Beginning with the line where "ХНУРЭ Факультет КИУ" appears, set down each line exactly until the records below end, and omit the pictures.

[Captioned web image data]
....
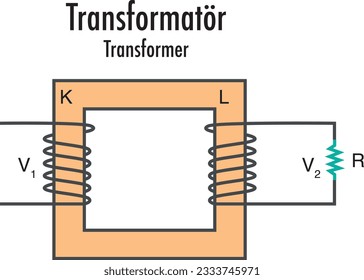 Transformer, Physics Lesson, Volt, Coil, Copper Wire, Voltage, Electricity,Transformatör, Fizik, Deney, Bakır, Tel, İndüksiyon, Akım, Voltage, Volt, Güç, İletim, İletki, Bobin, Çubuk, Mıknatıs, Metal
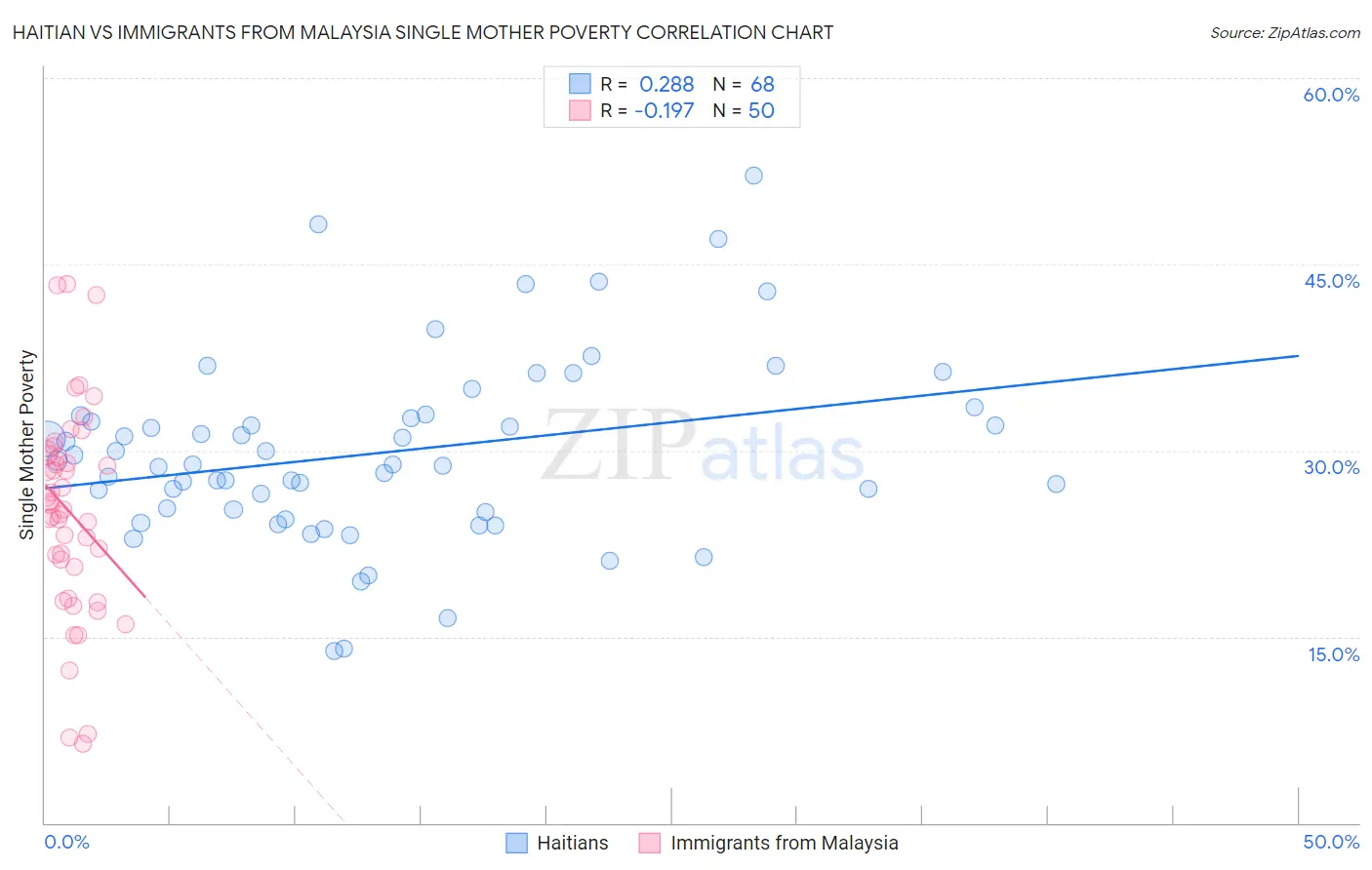 Haitian vs Immigrants from Malaysia Single Mother Poverty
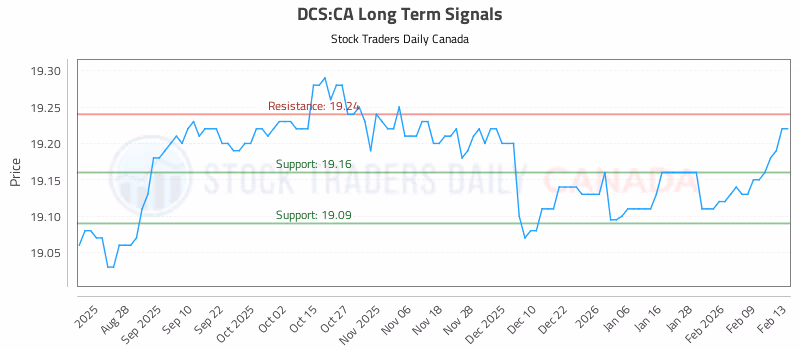 Stock Chart for DCS:CA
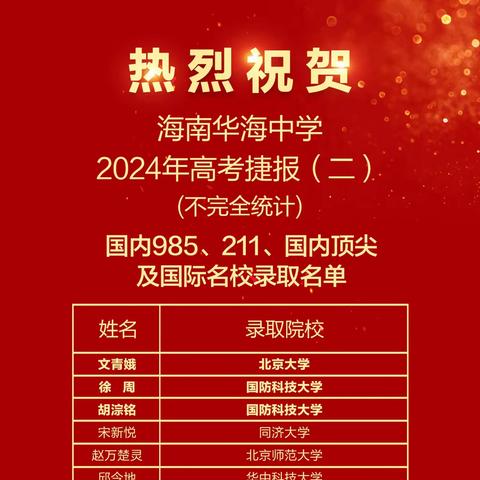 低进高出再显神功！海南华海中学2024高考捷报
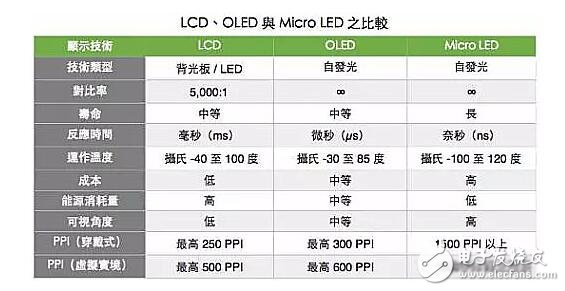 蘋(píng)果自身從事研發(fā)顯示面板，Micro LED技術(shù)遭遇瓶頸，能否挑戰(zhàn)LCD和OLED？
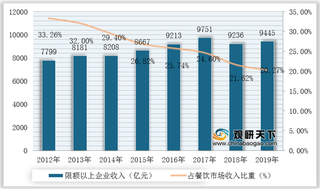 2020年我国中式快餐行业运营现状：替代品威胁较大 竞争赛道日趋拥挤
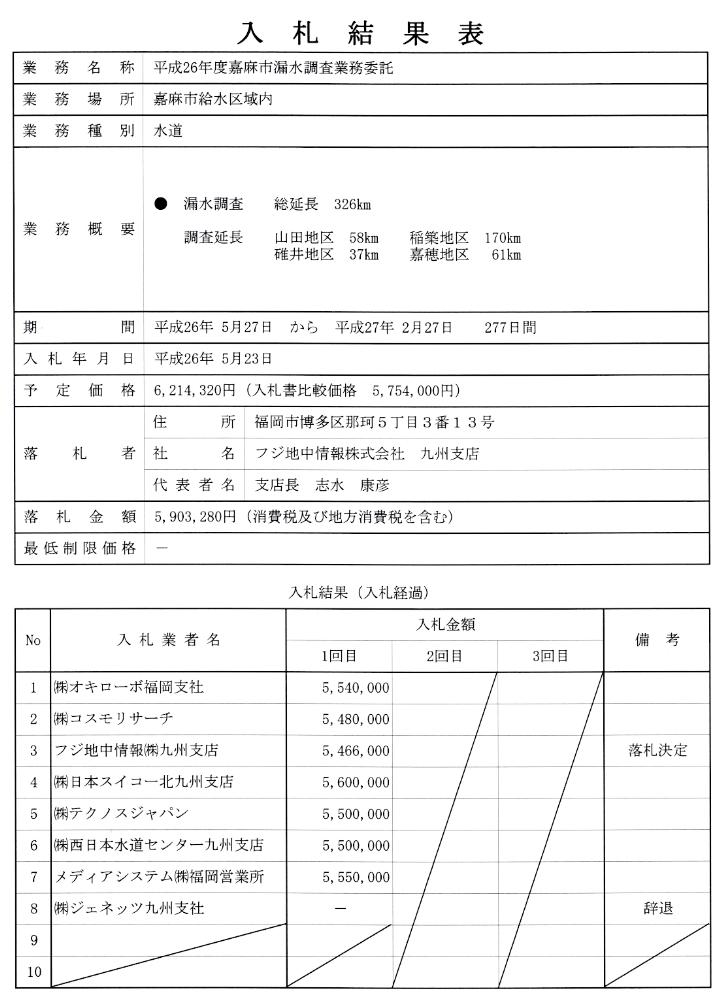 5月23日入札分（平成26年度　嘉麻市漏水調査業務委託）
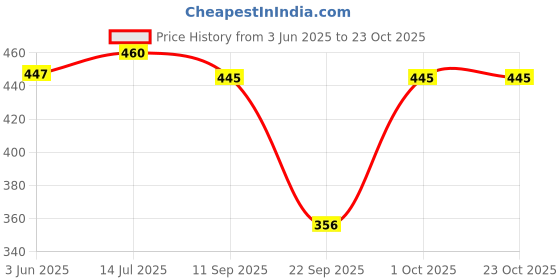 flipkart.com womie Women Green, Maroon Camisole womie Price History Graph from 3 Jun 2025 to 22 Oct 2025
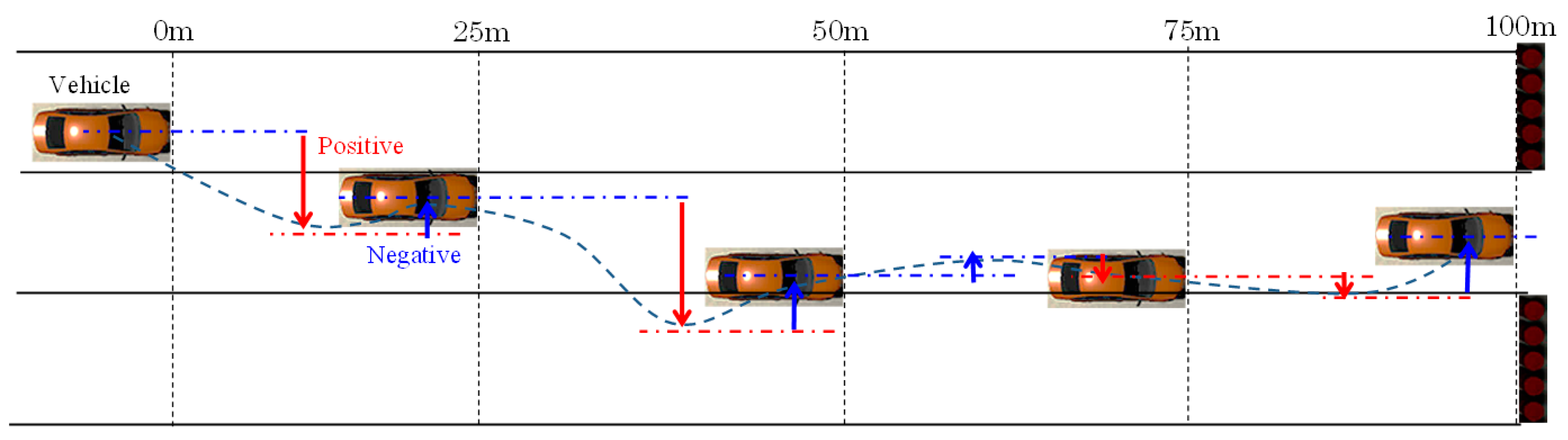 Symmetry 12 01645 g009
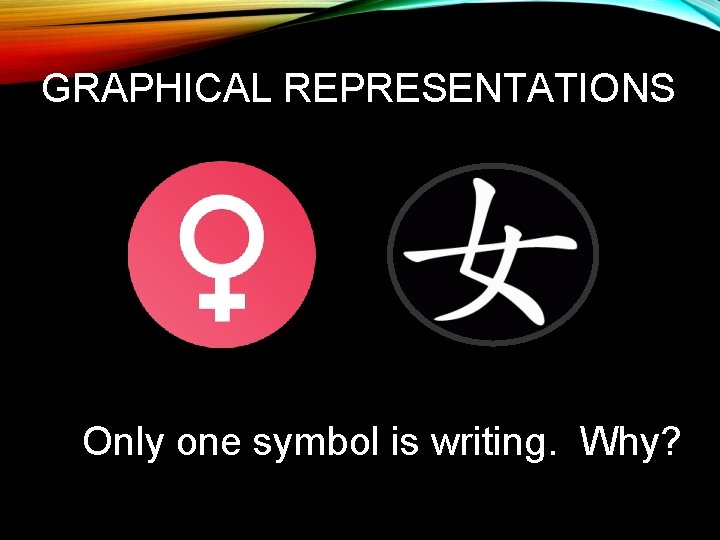 GRAPHICAL REPRESENTATIONS Only one symbol is writing. Why? 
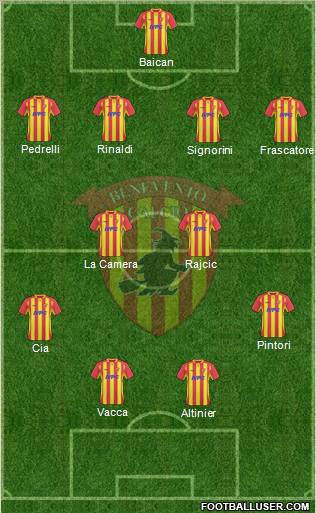 Benevento Formation 2011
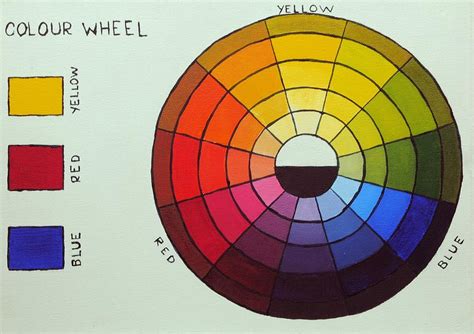 Color Wheel in Acrylic Painting by Nolan Clark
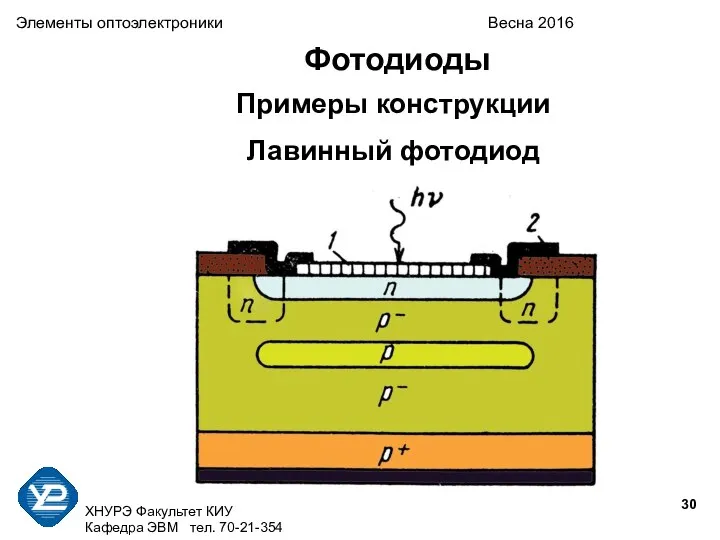 ХНУРЭ Факультет КИУ Кафедра ЭВМ тел. 70-21-354 Элементы оптоэлектроники Весна 2016 Примеры конструкции Лавинный фотодиод Фотодиоды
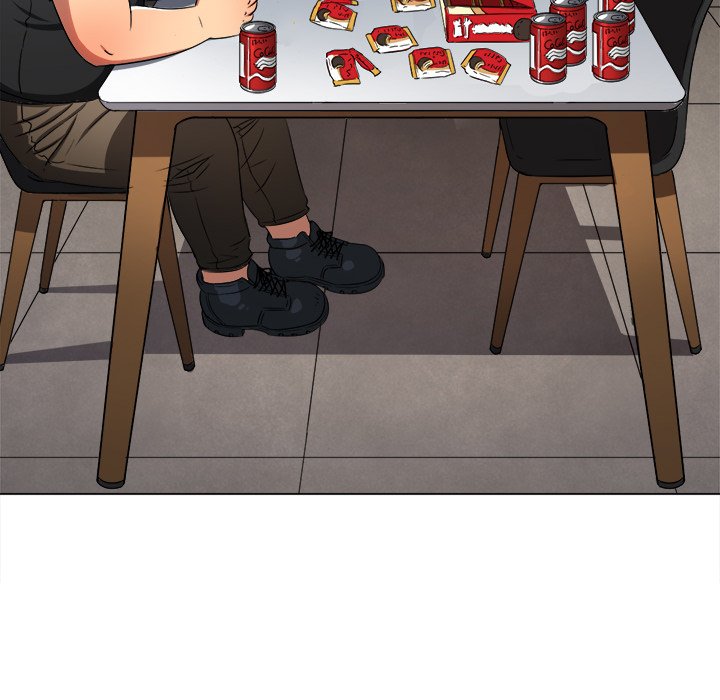 My High School Bully Chap Chapter 246-My High School Bully - Next Chap 247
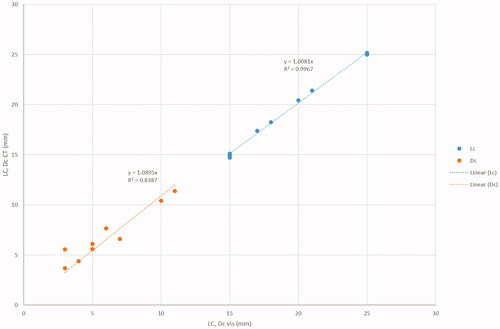 Figure 5. Comparison between the carbonization zone (LC_vis, DC_vis) and the central hyper-attenuating zone (LC_CT, DC_CT) on ex-vivo bovine-liver.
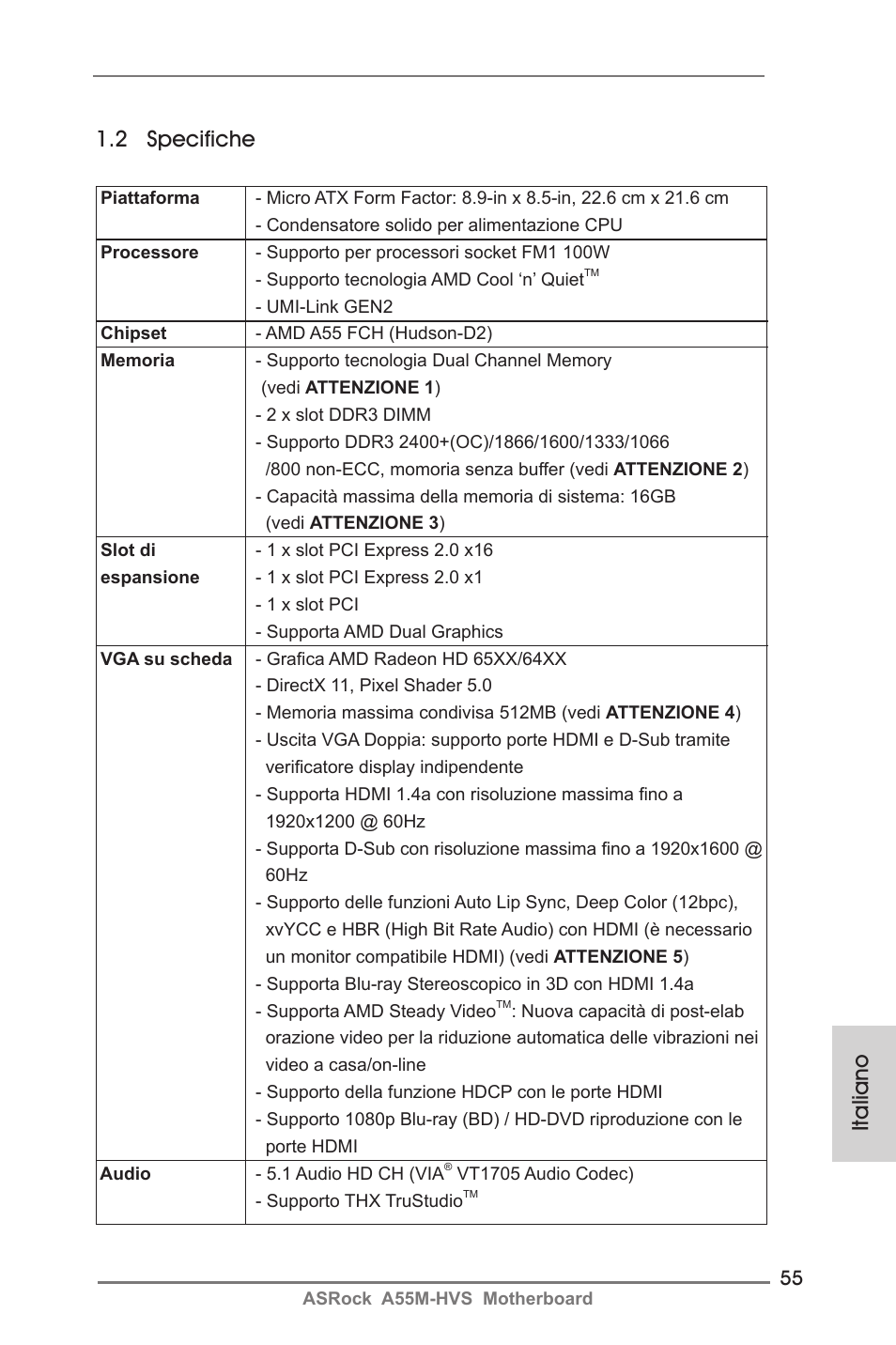 Italiano 1.2 specifiche | ASRock A55M-HVS User Manual | Page 55 / 162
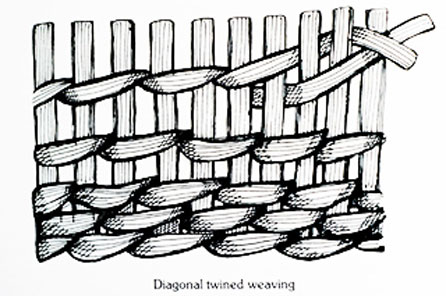 A illustrated diagram on how the plaiting is done for the weave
....
* _EXERCISE OUTPUT_:
 ХНУРЭ Факультет КИУ Кафедра ЭВМ тел. 70-21-354 Элементы оптоэлектроники Весна 2016 Примеры конструкции Лавинный фотодиод Фотодиоды
 My High School Bully Chap Chapter 246-My High School Bully - Next Chap 247
 Figure 5. Comparison between the carbonization zone (LC_vis, DC_vis) and the central hyper-attenuating zone (LC_CT, DC_CT) on ex-vivo bovine-liver.
 Italiano 1.2 specifiche | ASRock A55M-HVS User Manual | Page 55 / 162
 A illustrated diagram on how the plaiting is done for the weave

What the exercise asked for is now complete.